By love, the Canaanite mother was able to enlist Jesus’ help in casting out the devil from her daughter. (Mt 15:21–28, in the first story above.)
Next time the devil attacks by creating a storm in your heart, do not fall for his tricks or react irrationally. Turn to Jesus immediately and ask him to come into the situation.
Go in peace
It takes a long time for young adults to grow and mature. It takes a long time for parents to grow and mature. Parents have lived more years; they should not use their greater age to browbeat their children, or to create more discord and conflict, but to bring affection and peace to their homes. They should not wait to be grandparents for this to happen. Let them begin now.
“Salt is good; but if salt has lost its saltiness, how will you season it? Have salt in yourselves, and be at peace with one another.” (Mk 9:50, RSV)
There may be occasional troubles and pain, but with God’s help all will be well in the end. Through overcoming your trials and difficulties, you will ripen into understanding and loving Christians.
Do whatever is in your power for your children. Go to the parish library or a trustworthy Catholic bookstore to find a suitable book on parenting. Ask those who might be able to lend a hand, for example, an experienced priest. But above all, pray for your children, have faith in God, do not live in fear.

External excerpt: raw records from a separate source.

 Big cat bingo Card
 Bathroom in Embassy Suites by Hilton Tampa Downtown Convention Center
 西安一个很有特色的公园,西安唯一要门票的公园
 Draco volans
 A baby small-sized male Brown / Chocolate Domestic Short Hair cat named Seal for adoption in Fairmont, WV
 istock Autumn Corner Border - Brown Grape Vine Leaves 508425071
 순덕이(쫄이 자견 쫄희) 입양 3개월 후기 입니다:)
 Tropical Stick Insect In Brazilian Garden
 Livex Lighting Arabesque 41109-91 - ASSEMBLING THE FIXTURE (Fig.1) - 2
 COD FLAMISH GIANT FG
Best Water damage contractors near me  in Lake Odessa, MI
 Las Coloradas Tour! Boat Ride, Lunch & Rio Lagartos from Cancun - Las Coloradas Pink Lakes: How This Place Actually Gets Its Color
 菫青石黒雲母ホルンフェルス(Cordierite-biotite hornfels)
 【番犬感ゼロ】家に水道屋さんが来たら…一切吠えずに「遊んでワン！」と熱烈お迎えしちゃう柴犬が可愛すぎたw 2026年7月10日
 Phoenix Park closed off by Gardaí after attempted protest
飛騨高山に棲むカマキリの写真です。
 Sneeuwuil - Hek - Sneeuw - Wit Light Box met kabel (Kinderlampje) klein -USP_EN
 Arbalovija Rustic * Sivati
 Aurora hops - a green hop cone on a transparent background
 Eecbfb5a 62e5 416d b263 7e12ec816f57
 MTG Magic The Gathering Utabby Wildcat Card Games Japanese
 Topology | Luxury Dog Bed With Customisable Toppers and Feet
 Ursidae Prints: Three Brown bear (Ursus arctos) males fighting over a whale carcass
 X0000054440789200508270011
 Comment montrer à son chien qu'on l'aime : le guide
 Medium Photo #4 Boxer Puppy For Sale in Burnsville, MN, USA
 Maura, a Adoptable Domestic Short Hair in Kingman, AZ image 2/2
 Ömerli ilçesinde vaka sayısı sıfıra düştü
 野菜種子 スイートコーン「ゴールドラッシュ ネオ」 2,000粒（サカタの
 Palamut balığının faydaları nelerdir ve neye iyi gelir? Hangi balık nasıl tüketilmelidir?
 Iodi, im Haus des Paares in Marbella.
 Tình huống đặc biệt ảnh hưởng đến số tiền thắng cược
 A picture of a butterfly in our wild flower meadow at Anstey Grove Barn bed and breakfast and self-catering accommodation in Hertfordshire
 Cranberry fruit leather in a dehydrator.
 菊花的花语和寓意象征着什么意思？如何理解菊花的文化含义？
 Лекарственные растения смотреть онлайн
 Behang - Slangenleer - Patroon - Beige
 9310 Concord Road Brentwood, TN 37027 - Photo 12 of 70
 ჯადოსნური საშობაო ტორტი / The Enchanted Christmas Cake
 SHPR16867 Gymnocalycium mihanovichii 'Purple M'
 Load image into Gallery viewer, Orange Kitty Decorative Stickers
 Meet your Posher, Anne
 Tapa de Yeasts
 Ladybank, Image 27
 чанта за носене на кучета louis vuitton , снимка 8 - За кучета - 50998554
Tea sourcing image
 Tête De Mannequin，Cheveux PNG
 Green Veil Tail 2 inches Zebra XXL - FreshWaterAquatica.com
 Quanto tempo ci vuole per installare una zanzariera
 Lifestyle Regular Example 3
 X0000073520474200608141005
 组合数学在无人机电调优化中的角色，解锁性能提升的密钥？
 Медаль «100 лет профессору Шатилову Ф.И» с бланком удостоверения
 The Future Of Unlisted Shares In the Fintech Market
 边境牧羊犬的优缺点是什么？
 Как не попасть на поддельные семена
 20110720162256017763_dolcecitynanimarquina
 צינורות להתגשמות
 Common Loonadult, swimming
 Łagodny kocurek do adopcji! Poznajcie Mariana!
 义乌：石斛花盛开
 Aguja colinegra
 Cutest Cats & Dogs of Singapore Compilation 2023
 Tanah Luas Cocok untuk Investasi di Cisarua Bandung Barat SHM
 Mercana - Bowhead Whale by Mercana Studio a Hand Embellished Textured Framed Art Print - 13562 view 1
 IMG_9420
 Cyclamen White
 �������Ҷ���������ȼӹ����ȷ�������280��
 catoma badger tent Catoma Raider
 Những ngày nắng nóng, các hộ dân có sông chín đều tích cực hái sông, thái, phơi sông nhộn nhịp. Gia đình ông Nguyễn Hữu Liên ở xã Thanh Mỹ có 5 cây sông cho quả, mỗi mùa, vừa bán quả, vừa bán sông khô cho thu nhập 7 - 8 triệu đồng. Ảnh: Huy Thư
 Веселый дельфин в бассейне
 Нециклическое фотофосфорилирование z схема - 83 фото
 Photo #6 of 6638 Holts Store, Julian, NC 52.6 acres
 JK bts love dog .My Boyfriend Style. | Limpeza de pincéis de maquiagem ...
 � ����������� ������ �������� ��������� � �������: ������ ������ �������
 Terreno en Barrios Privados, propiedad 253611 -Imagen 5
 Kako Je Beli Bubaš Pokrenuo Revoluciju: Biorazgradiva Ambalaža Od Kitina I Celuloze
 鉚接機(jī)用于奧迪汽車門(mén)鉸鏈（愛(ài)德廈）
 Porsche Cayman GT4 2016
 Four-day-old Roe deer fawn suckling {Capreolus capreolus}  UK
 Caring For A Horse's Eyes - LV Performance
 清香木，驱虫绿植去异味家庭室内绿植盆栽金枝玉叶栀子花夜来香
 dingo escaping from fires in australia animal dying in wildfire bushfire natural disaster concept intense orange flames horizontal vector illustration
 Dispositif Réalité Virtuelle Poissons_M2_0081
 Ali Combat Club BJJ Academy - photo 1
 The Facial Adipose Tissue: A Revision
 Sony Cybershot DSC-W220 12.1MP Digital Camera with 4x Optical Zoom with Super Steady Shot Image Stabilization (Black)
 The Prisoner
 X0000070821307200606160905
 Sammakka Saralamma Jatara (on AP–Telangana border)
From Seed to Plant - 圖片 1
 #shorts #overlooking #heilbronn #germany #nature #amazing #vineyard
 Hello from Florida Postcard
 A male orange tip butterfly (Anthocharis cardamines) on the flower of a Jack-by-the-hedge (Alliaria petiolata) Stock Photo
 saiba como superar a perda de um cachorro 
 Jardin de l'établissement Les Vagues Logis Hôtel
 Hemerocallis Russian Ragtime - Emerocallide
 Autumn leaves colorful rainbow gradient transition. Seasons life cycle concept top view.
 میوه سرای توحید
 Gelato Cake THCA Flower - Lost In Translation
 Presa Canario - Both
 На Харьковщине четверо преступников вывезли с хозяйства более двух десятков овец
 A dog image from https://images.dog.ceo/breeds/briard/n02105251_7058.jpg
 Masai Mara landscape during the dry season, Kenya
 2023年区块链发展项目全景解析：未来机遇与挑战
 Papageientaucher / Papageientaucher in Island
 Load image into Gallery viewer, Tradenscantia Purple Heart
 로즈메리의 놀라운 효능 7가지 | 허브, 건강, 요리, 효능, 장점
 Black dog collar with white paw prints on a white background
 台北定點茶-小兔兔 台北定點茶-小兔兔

“Your faith has saved you; go in peace.” (Lk 7:50, NIV) Faith will save your family. Faith will bring peace.
A word to all youths
The work of bringing up the young is not easy. Parents do not always possess enough knowledge or presence of mind to take the best course of action in every situation. You, sons and daughters, can help by your co-operation and love.
Jesus said: “This is my commandment, that you love one another as I have loved you.” (Jn 15:12, RSV)
He also said: “Honour your father and your mother.” (Mt 19:19, NJB)
You give them the most honour, love, and peace of mind, by leading lives of great goodness.
Act of Consecration to Jesus
Jesus, when you were twelve years old, you gave your parents quite a scare by secretly remaining in Jerusalem while they were on the road back to Nazareth. They searched anxiously for you and did not find you till the third day. Your mother has since learned how to care for the young in peace. Today, she has millions of children to look after throughout the world. Many of them are worrisome, yet she is able to stay calm and serene.
From this day forward, I consecrate to your Sacred Heart and to the Immaculate Heart of Mary, Queen of Peace, myself and my family members. Direct us towards holiness. Help us to pray, to have strong faith and not to be afraid. Help us to live in peace with ourselves and with our families, and be reconciled with one another, loving each other according to the commands you gave in the gospel.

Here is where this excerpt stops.